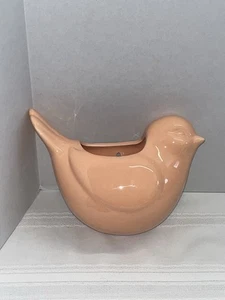Ceramic Bird Wall Pocket Vase Peach Coral Color 8”x 5” - Picture 1 of 9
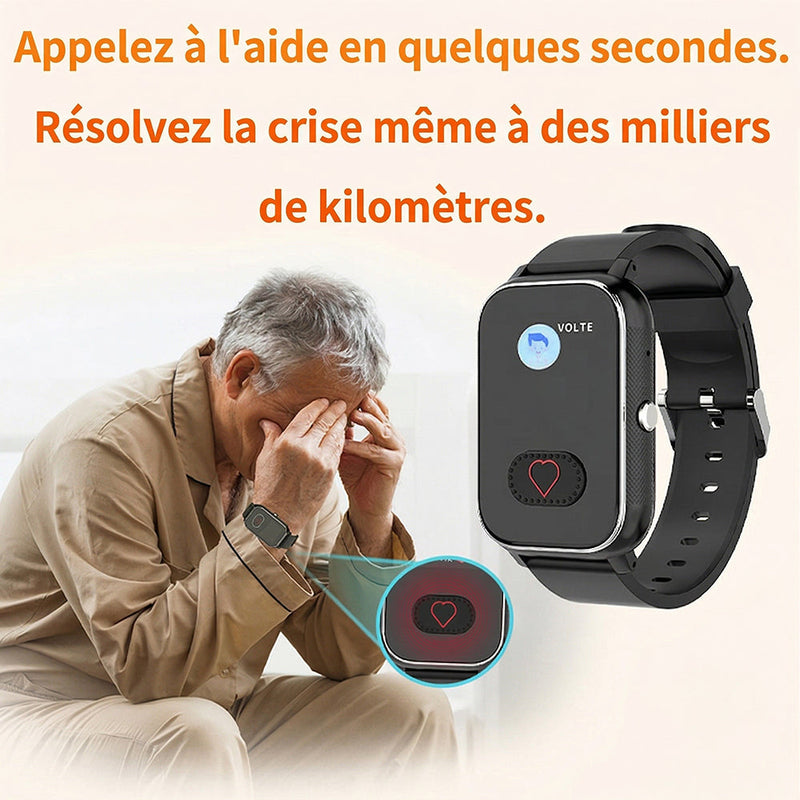 Watliqox V2 Montre Connectée Détection Chute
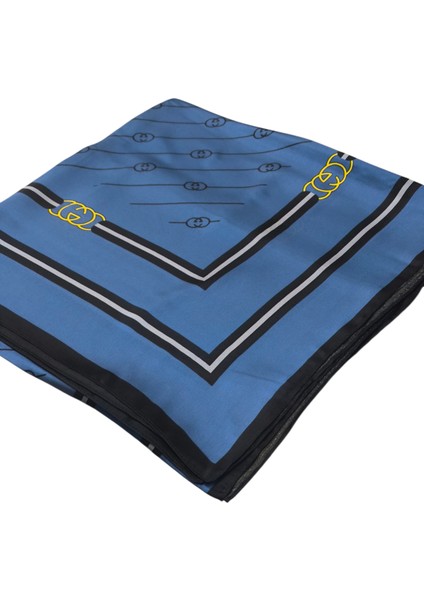 Monogram Desen Vual Ipek Şal Mavi fırsatları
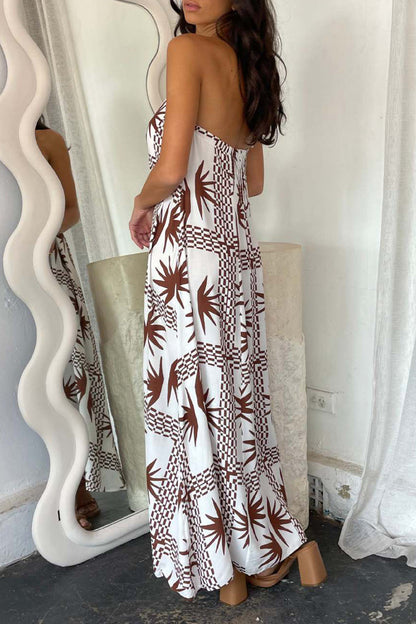 Vestidos sexis de diario con estampado geométrico y estampado de dibujos animados, sin tirantes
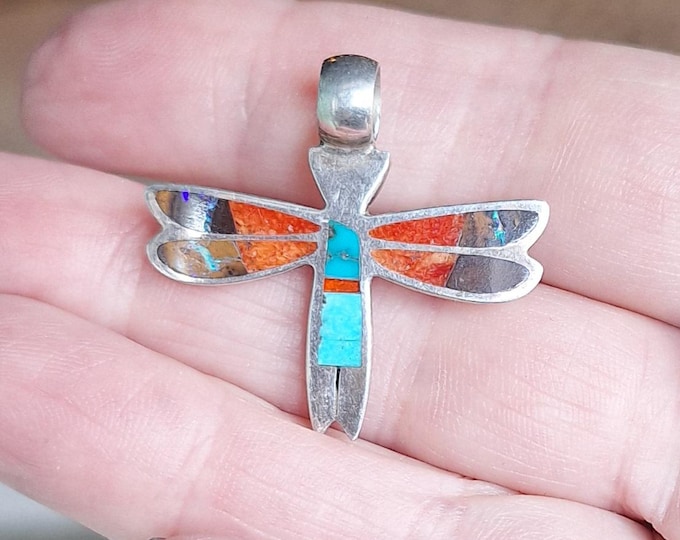 Vintage Sterling Silver Zuni Rolanda Haloo Mosaic Dragonfly Pendant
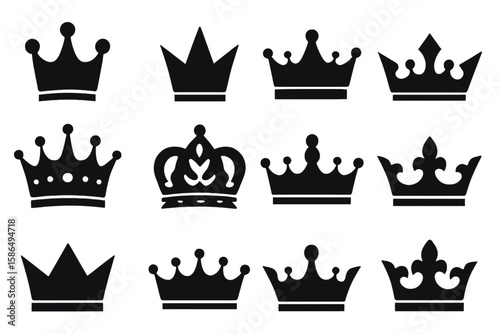 Crown icon set. Royal king and queen crowns silhouette collection. Luxury majestic symbol for logo design. Premium quality, monarchy, and power concept vector illustration.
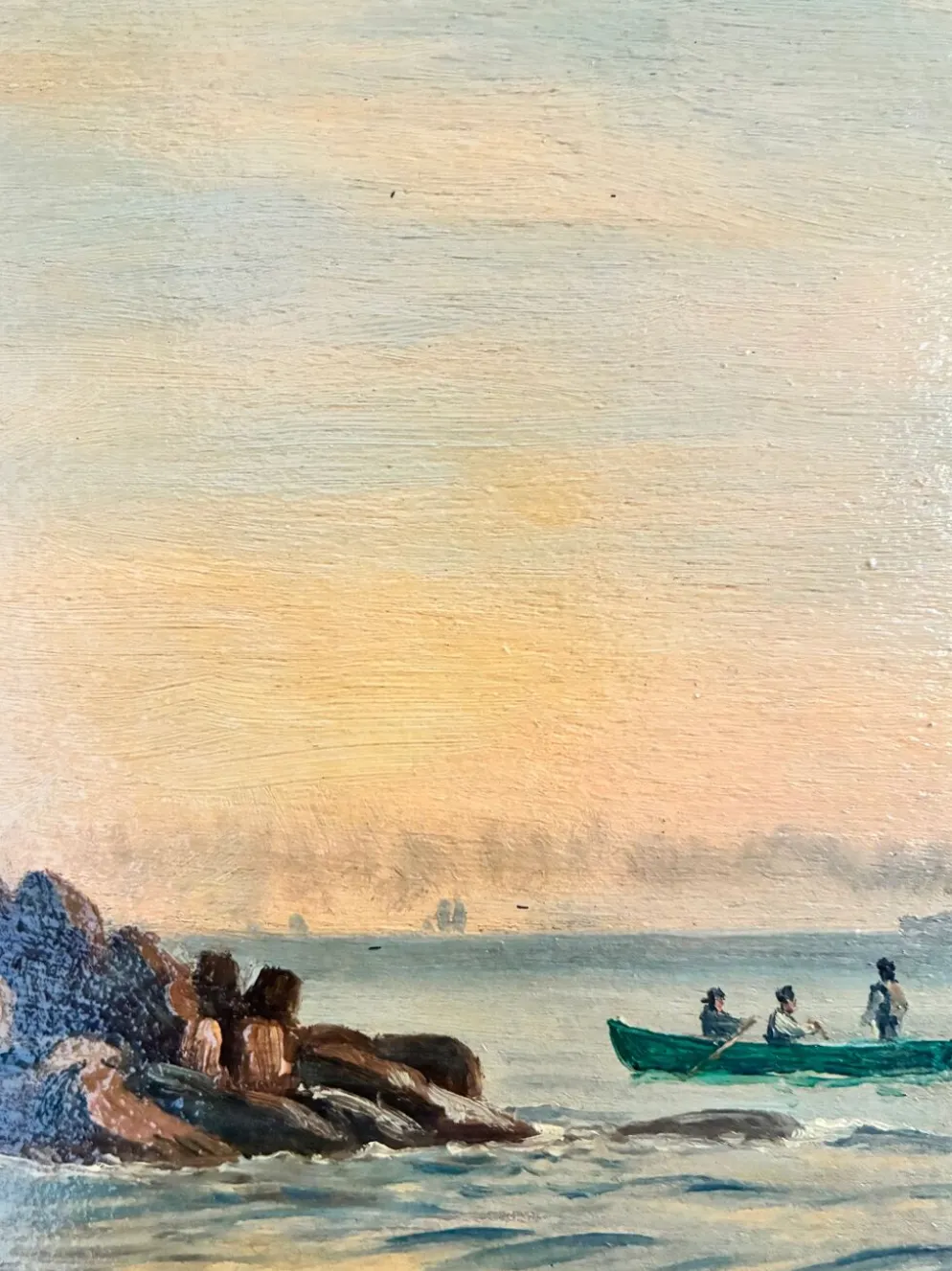 Peinture à l'huile de paysage marin de voilier ancien signé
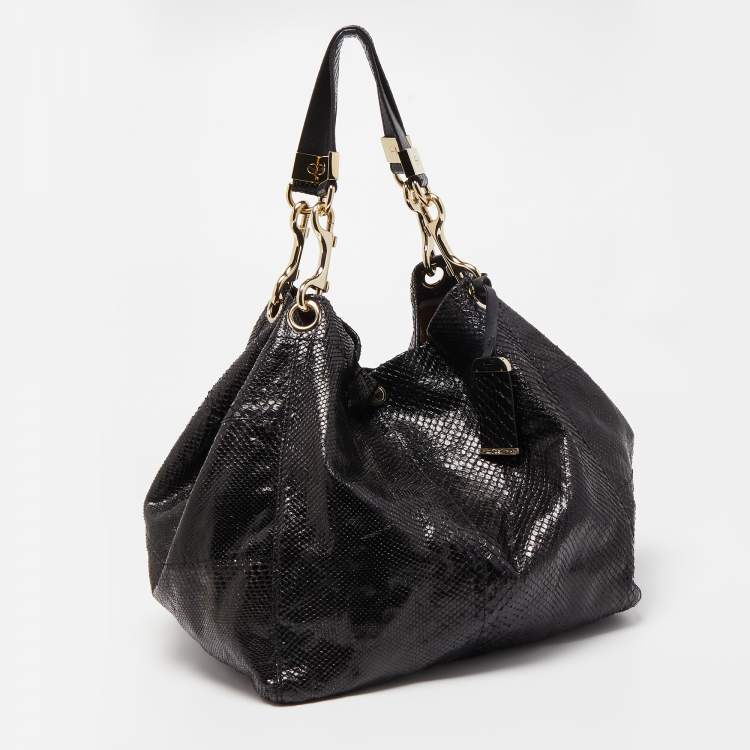 مملوكة مسبقًا Jimmy Choo Black Python Lohla Jayne Tote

___

### TASK DETAILS
With the images left out, set down every entry exactly.

### EXERCISE RESPONSE
Ceramic Bird Wall Pocket Vase Peach Coral Color 8”x 5” - Picture 1 of 9
 Watliqox V2 Montre Connectée Détection Chute
 Monogram Desen Vual Ipek Şal Mavi fırsatları
 Vestidos sexis de diario con estampado geométrico y estampado de dibujos animados, sin tirantes
 Vintage Sterling Silver Zuni Rolanda Haloo Mosaic Dragonfly Pendant
 Crown icon set. Royal king and queen crowns silhouette collection. Luxury majestic symbol for logo design. Premium quality, monarchy, and power concept vector illustration.
 Peinture à l'huile de paysage marin de voilier ancien signé
 مملوكة مسبقًا Jimmy Choo Black Python Lohla Jayne Tote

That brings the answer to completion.